Dalam struktur kurikulum yang ada saat ini, muatan lokal yang menjadi wadah pelaksanaan kearifan lokal masih belum menemukan bentuknya. Di samping itu, bentuk penyatuan sub-pengetahuan IPA dan IPS yang belum melihat betul kondisi guru di sekolah. Bentuk IPS dan IPA terpadu memang memungkinkan siswa belajar dalam satu keterkaitan ilmu pengetahuan. Namun, hal tersebut akan menjadikan pengetahuan yang dangkal. Kedangkalan pengetahuan tersebut terjadi karena kurang mampunya guru menguasai keseluruhan pengetahuan yang disyaratkan. Sebagai gambaran nyata,guru-guru dengan kualifikasi pendidikan sejarah harus mengajar pengetahuan dalam satu ranah pengetahuan sosial seperti geografi, ekonomi, ataupun sosiologi. Kondisi semacam itu tentunya akan membuat kegagalan hasil akhir yang diharapkan.
Beban belajar SMP idealnya memiliki perbedaan dengan SD kelas IV-VI. Perbedaan itu tentunya berdasarkan pertumbuhan psikologi dan sosial siswa. Tugas terstruktur baik untuk pencapaian standar kompetensi namun dalam pelaksanaannya perlu koordinasi dengan guru mapel lain sehingga tidak membebani siswa.
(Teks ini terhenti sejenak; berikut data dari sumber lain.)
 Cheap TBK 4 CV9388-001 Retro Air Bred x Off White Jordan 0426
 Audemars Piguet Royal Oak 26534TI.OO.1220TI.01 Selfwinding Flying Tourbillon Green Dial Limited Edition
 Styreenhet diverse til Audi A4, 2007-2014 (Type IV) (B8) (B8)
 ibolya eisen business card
Jumlah maksimum 50% dari jam pelajaran waktu untuk tugas terstruktur dan mandiri sudah rasional namun dalam pelaksanaannya sering kali tidak diperhitungkan sehingga bisa saja lebih dari 50% itu. Kelebihan dari proporsi tersebut perlu dipantau dengan mekanisme internal guru maupun sekolah.
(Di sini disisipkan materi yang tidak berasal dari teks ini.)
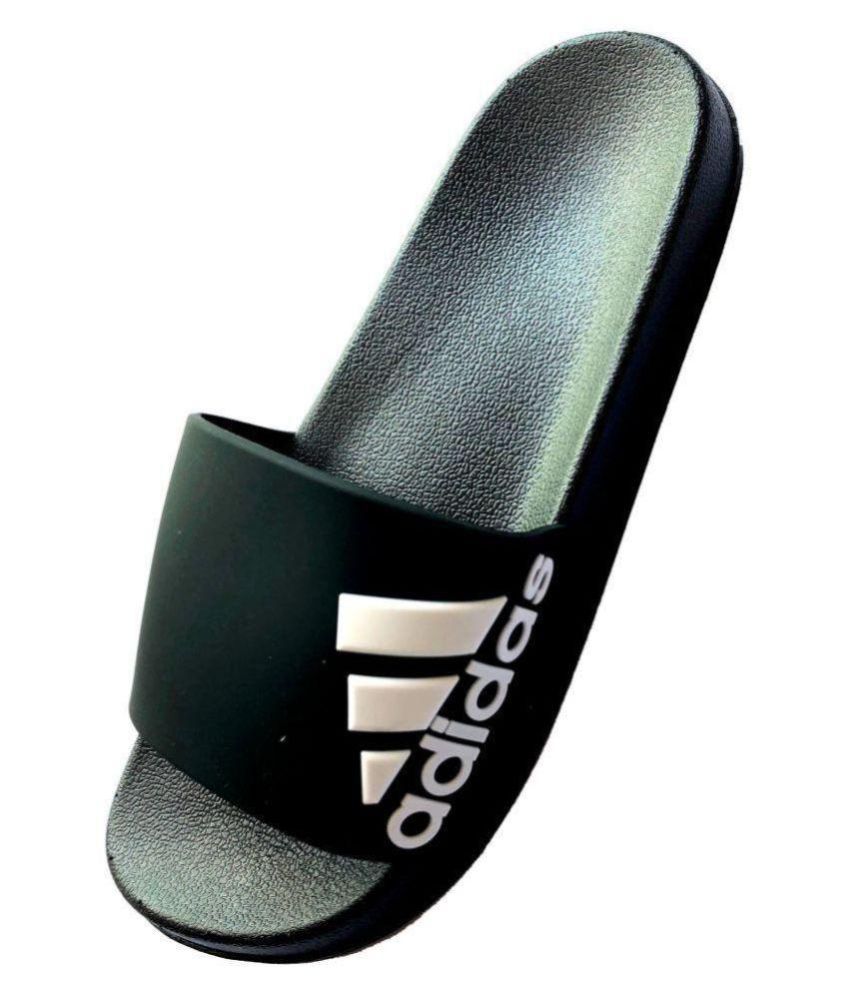 Adidas Black Thong Flip Flop Price in India- Buy Adidas Black Thong ...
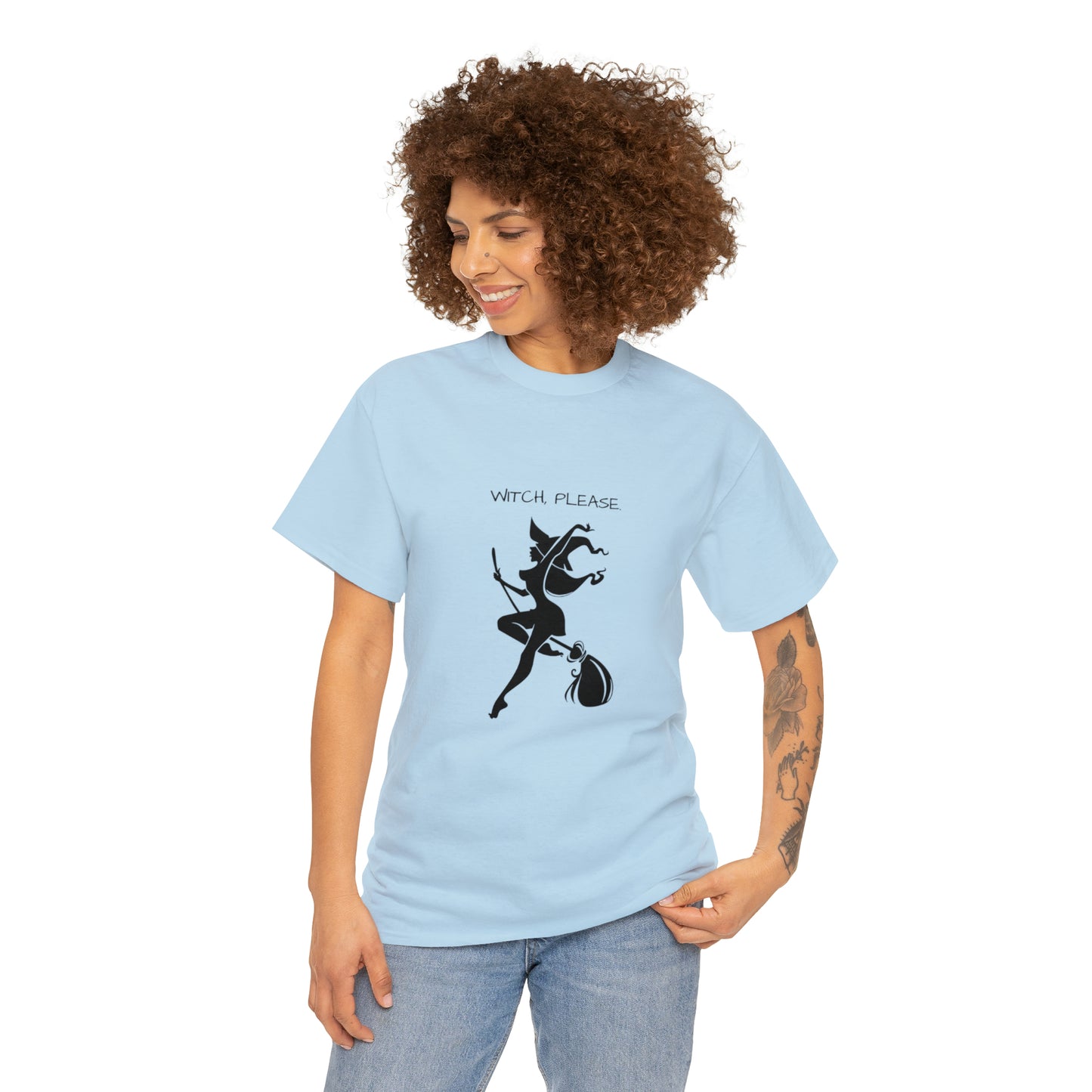 Witch please Heavy Cotton Tee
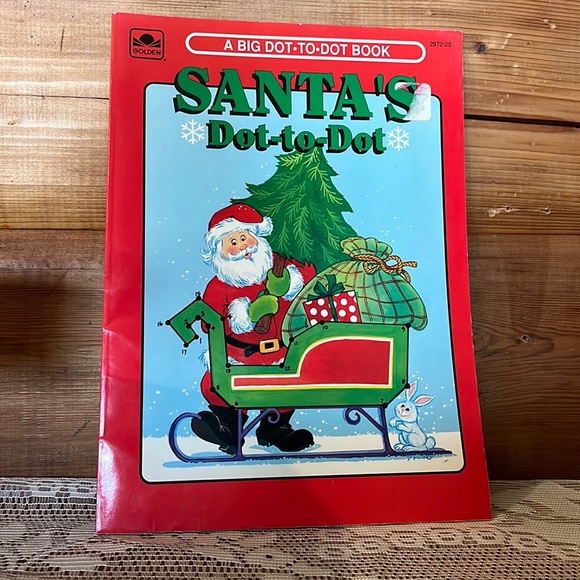 Golden Christmas Dot to Dot Book Bundle of 2 - Picture 7 of 11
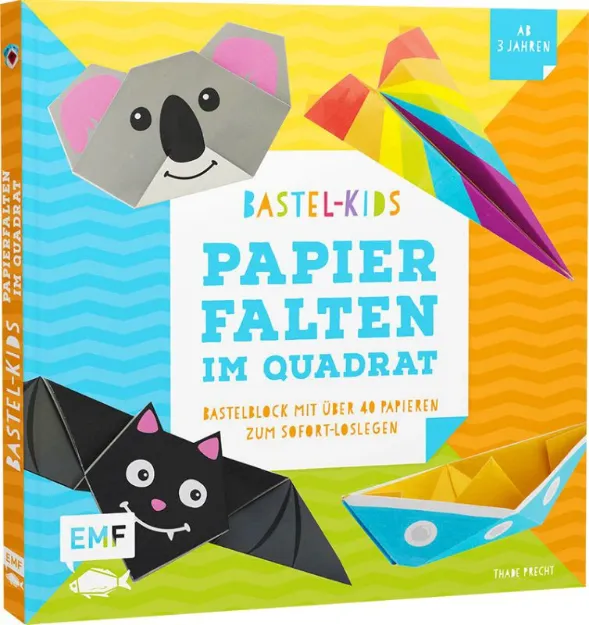 Bild von Precht T: Papierfalten im Quadrat –Bastel-Kids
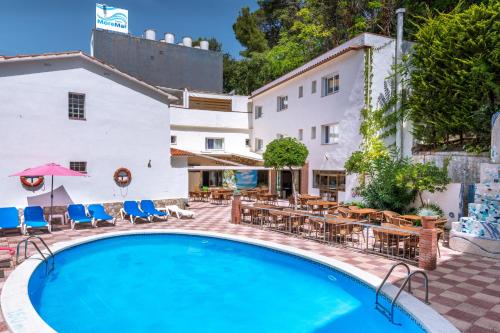 Hotel Moremar by ALEGRIA内部或周边的泳池
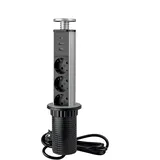 Emuca Steckdosenleiste 0 m Grau 3 St.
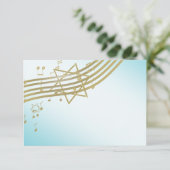 La musique dans la réponse du Bat mitzvah aérien (Debout devant)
b. Perencanaan Pendidikan SMP di tingkat Makro di masa yang akan datang
Pengkajian Standar Isi yang tertuang dalam Permen No. 22 tahun 2006 ini difokuskan pada aspek konseptual, fundamental, esensial, kebermaknaan, akurasi, konsistensi dan dan kepraktisan. Berdasarkan hal tersebut, perlu dicarikan solusi terhadap temuan yang pendidikan yang kurang sesuai dengan kebutuhan. Pembahasan perencanaan pendidikan pada pembahasan ini meliputi kondisi kurikulum yang terkesan menjiplak; penerapan mata pelajaran IPA dan IPS terpadu,; dan beban belajar SMP yang perlu disesuaikan dengan tingkat perkembangan dan kebutuhan siswa.
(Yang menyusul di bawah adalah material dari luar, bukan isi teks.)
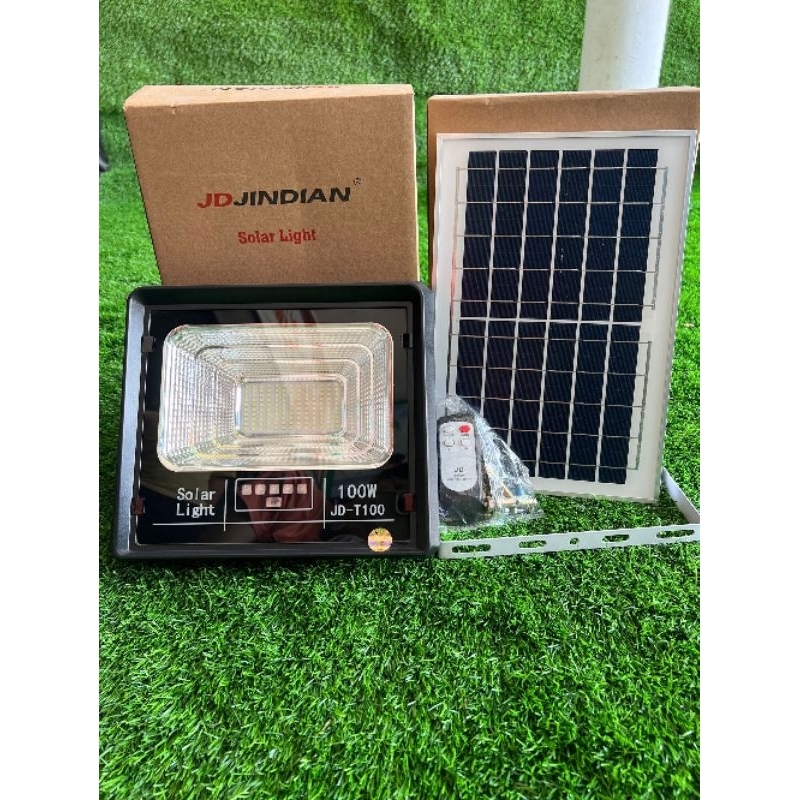 Đèn Năng Lượng Mặt Trời Jindian JD-T100 (100W) Cao Cấp – Tiết Kiệm Điện – Cảm Biến Nhạy- Độ Bền Cao–Điện Nước Tây Nguyên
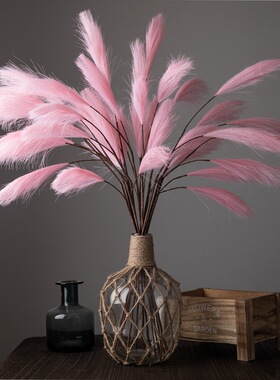 芦苇INS仿真花假花绿植物婚庆装饰品MW85502定制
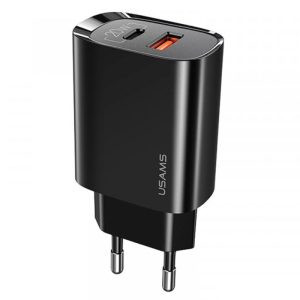 Зарядний пристрій Usams US-CC121 T35 QC3.0 + PD3.0 20W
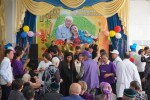 «Әділет» партиясы Қонаевтағы қарияларды Қарттар күнімен құттықтады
Kurikulum di Indonesia terkesan masih belum menemukan jatidiri yang sesuai dengan karakter bangsa. Pada kurikulum 1975 dan sebelumnya, masih mengadopsi kurikulum dari Belanda. Selanjutnya kurikulum 1984 pandangan kurikulum berkiblat ke Australia sehingga terjadi perubahan-perubahan. Pada kurikulum 1994, 2004, dan direvisi pada kurikulum 2006 atau KTSP mengadopsi kurikulum dari Amerika. Ternyata belum pernah muncul kurikulum asli Indonesia.
Pengadopsian kurikulum yang ada di Indonesia bukanlah suatu kesalahan yang mutlak, Indonesia mengadopsi kurikulum-kurikulum tersebut tentunya sudah dipilih dan ditentukan yang sesuai dengan kondisi yang ada di Indonesia. Namun, pengadopsian tersebut masih menimbulkan kepincangan. Kepincangan tersebut terjadi karena pengadopsian kurikulum tidak diiringi dengan pengadopsian unsur-unsur lain yang mendukung terlaksananya kurikulum dengan baik.
Timbul berbagai permasalahan dari kondisi tersebut. Kurikulum yang sedemikian baik tidak diiringi dengan pembiayan yang cukup, sarana dan prasarana yang memadai, dan kualitas SDM guru yang berkualitas.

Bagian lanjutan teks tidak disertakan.